Thursday, August 14, 2008

New poll data on Social Security

Rasmussen Reports released a new public opinion poll on Social Security, asking Americans their views on the current program and how it might be fixed. As always, the phrasing of the questions matters, but I think the poll is interesting in a number of areas. Here are the results:

National Survey of 1,000 Likely Voters
Conducted August 1, 2008 By Rasmussen Reports

1) How confident are you that the Social Security system will pay you all promised retirement benefits during your lifetime?

15% Very confident
29% Somewhat confident
28% Not very confident
25% Not at all confident
3% Not sure

2) Should working Americans be allowed to opt out of Social Security and provide for their own retirement planning?

45% Yes
41% No
13% Not sure

3) Is Social Security a good deal for working Americans today?

46% Yes
37% No
18% Not sure

4) Currently, people pay Social Security taxes on the first $102,000 workers earn each year. People who make more than that do not pay Social Security taxes on salary and wages above that level. Should Social Security taxes be paid on ALL OR MOST OF THE income workers earn each year?

62% Yes
25% No
13% Not sure

5) Should people who pay more in Social Security taxes receive more Social Security benefits when they retire?

62% Yes
24% No
14% Not sure

NOTE: Margin of Sampling Error, +/- 3 percentage points with a 95% level of confidence

3 comments:

Patrick R. Sullivan said...

53% aren't confident they'll receive all their benefits, yet only 37% think SS isn't a good deal!

Bruce Webb said...

Patrick

78% of 160% = 125%.
I know Andrew understands the significnce of what I dubbed Rosser's Equation. That you don't says more about you than the resondants to this survey.
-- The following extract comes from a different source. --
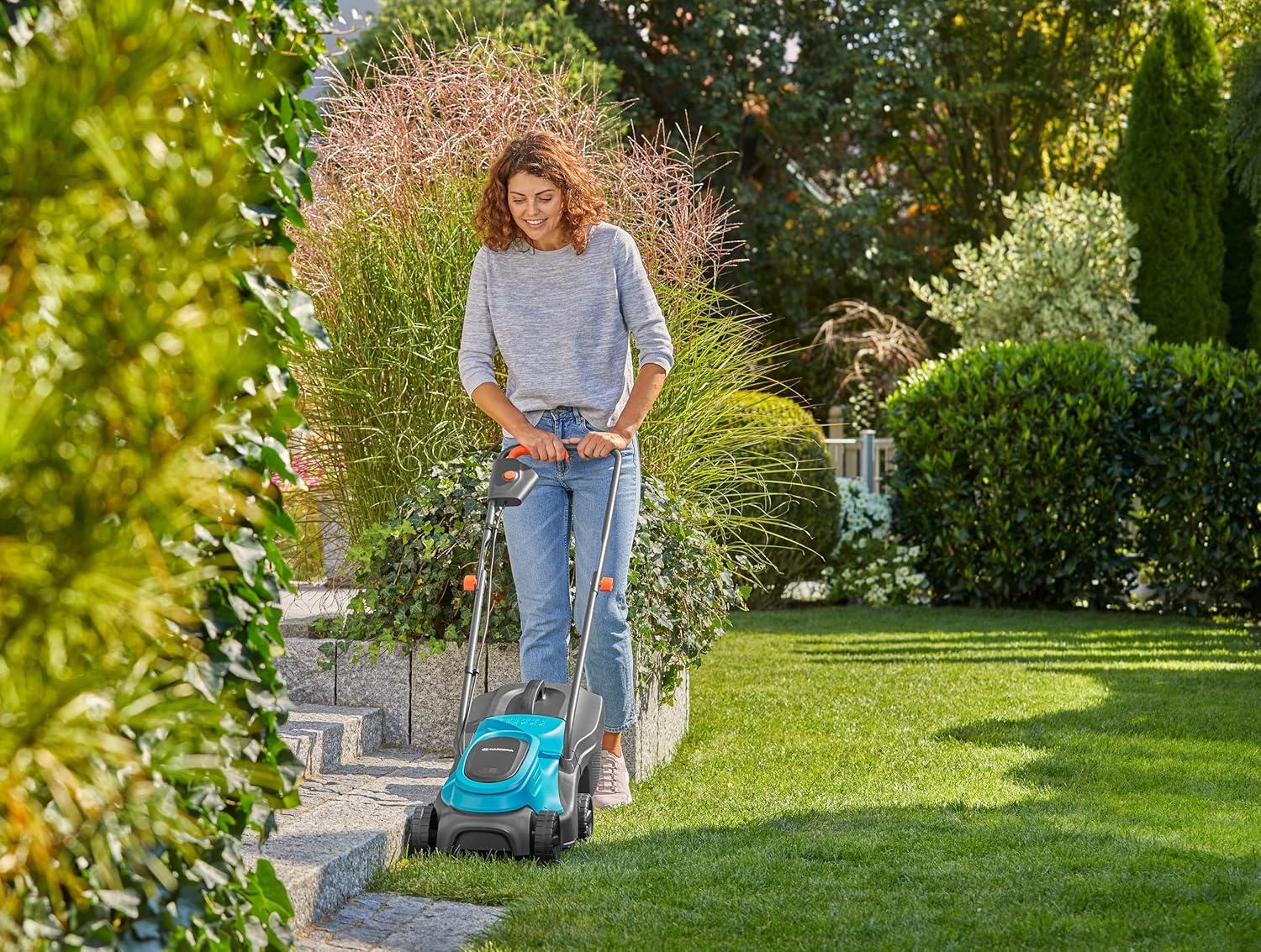 imageGardena Tondeuse Gazon sans Fil EasyMax 3018V ReadytoUse Set Largeur de Coupe de 30 cm avec Batterie Power for All compacte et maniable idale pour Les Petits Jardins 1462920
It is the difference between 'great deal' and 'good deal'.

Andrew G. Biggs said...

Bruce,
I'm not keen on thinking about Social Security or reform in terms of how good a deal is (the combination of the 'back transfer' to early participants and unfavorable demographics determine what Social Security's rate of return is, and there's not much we can do to fix that).
But whether Social Security is a good deal doesn't just depend on the level of benefits, as your example implies, but on the relation between how much you pay and how much you get. According to SSA's actuaries, a couple retiring today could expect around a 2.3% return on their taxes, while a couple retiring in 2050 can expect around 1.5%. Funded with 12% of their earnings and compounded over their whole lives that's a lot of money, even if the real level of benefits they'll get is higher than today's.